Materials provided:

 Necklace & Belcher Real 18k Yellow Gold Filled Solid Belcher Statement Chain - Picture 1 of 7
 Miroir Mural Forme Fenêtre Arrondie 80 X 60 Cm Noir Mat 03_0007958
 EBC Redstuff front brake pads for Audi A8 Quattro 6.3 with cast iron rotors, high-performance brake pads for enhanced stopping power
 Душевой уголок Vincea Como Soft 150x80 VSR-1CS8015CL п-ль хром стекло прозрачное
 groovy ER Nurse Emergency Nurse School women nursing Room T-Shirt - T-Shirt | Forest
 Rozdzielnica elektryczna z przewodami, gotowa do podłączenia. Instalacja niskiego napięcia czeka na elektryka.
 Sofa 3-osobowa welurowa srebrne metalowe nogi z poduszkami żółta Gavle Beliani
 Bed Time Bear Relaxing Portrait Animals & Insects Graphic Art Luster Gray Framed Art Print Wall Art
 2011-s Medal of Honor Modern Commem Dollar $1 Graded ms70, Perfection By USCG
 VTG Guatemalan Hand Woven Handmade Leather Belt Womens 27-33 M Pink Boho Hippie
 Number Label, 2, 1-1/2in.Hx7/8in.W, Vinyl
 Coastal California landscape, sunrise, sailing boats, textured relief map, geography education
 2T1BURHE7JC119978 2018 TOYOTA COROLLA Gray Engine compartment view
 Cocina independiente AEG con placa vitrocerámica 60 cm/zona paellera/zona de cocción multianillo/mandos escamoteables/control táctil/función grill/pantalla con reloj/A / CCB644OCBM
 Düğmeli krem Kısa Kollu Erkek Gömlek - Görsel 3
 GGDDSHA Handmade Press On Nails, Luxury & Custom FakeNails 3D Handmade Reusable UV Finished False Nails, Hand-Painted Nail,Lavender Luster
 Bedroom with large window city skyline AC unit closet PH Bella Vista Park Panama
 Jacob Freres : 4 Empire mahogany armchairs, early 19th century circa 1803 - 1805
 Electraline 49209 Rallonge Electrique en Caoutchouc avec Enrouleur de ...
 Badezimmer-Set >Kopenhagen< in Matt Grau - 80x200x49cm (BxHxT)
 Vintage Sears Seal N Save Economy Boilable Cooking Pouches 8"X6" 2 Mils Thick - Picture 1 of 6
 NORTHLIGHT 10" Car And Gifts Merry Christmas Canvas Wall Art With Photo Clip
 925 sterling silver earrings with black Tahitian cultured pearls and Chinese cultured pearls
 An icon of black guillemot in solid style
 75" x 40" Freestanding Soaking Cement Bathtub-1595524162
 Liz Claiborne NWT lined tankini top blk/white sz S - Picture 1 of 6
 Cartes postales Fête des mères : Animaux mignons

Assignment:
In full and without changes, copy the entries above.

Answer space:
 Necklace & Belcher Real 18k Yellow Gold Filled Solid Belcher Statement Chain - Picture 1 of 7
 Miroir Mural Forme Fenêtre Arrondie 80 X 60 Cm Noir Mat 03_0007958
 EBC Redstuff front brake pads for Audi A8 Quattro 6.3 with cast iron rotors, high-performance brake pads for enhanced stopping power
 Душевой уголок Vincea Como Soft 150x80 VSR-1CS8015CL п-ль хром стекло прозрачное
 groovy ER Nurse Emergency Nurse School women nursing Room T-Shirt - T-Shirt | Forest
 Rozdzielnica elektryczna z przewodami, gotowa do podłączenia. Instalacja niskiego napięcia czeka na elektryka.
 Sofa 3-osobowa welurowa srebrne metalowe nogi z poduszkami żółta Gavle Beliani
 Bed Time Bear Relaxing Portrait Animals & Insects Graphic Art Luster Gray Framed Art Print Wall Art
 2011-s Medal of Honor Modern Commem Dollar $1 Graded ms70, Perfection By USCG
 VTG Guatemalan Hand Woven Handmade Leather Belt Womens 27-33 M Pink Boho Hippie
 Number Label, 2, 1-1/2in.Hx7/8in.W, Vinyl
 Coastal California landscape, sunrise, sailing boats, textured relief map, geography education
 2T1BURHE7JC119978 2018 TOYOTA COROLLA Gray Engine compartment view
 Cocina independiente AEG con placa vitrocerámica 60 cm/zona paellera/zona de cocción multianillo/mandos escamoteables/control táctil/función grill/pantalla con reloj/A / CCB644OCBM
 Düğmeli krem Kısa Kollu Erkek Gömlek - Görsel 3
 GGDDSHA Handmade Press On Nails, Luxury & Custom FakeNails 3D Handmade Reusable UV Finished False Nails, Hand-Painted Nail,Lavender Luster
 Bedroom with large window city skyline AC unit closet PH Bella Vista Park Panama
 Jacob Freres : 4 Empire mahogany armchairs, early 19th century circa 1803 - 1805
 Electraline 49209 Rallonge Electrique en Caoutchouc avec Enrouleur de ...
 Badezimmer-Set >Kopenhagen< in Matt Grau - 80x200x49cm (BxHxT)
 Vintage Sears Seal N Save Economy Boilable Cooking Pouches 8"X6" 2 Mils Thick - Picture 1 of 6
 NORTHLIGHT 10" Car And Gifts Merry Christmas Canvas Wall Art With Photo Clip
 925 sterling silver earrings with black Tahitian cultured pearls and Chinese cultured pearls
 An icon of black guillemot in solid style
 75" x 40" Freestanding Soaking Cement Bathtub-1595524162
 Liz Claiborne NWT lined tankini top blk/white sz S - Picture 1 of 6
 Cartes postales Fête des mères : Animaux mignons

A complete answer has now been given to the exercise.